Interview as Intervention: The Case of Young Adult Multidrug Users in the Club Scene
Department of Justice and Human Services
Journal of Substance Abuse Treatment
This paper reports on changes in substance use and substance dependence symptoms-without intervention-among young adult multidrug users in the club scene, ages 18-29, (N = 444) who participated in a natural history study. Computer-assisted personal interviews at baseline and 6-, 12-, and 18-month follow-ups included well-tested measures of substance use and dependence.

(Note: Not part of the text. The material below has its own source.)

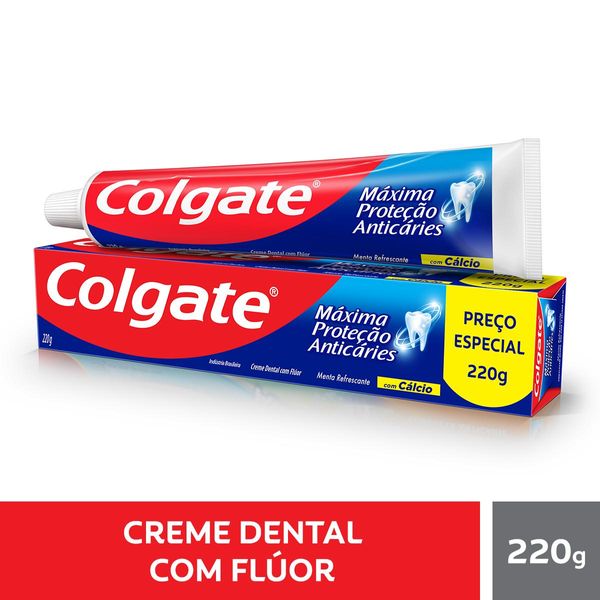 Creme Dental Colgate Máxima Proteção Anticáries 220gr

Changes in substance dependence symptoms and drug use frequencies were calculated using Cohen's d statistic. Mean age was 22; 40% were female; 58% were Hispanic, 17% White, and 21% Black. At 18-month follow-up assessment, participants reported significantly fewer days of cocaine (d = -.85 at 18 months), ecstasy (d = -.93), benzodiazepine (d = -.82), and prescription opioid (d = -.81) use, as well as reduced substance dependence symptoms (d = -.42). These results, together with data from focus groups with completers, suggest that comprehensive health and social risk assessments may have quite strong intervention effects among young adult multidrug users.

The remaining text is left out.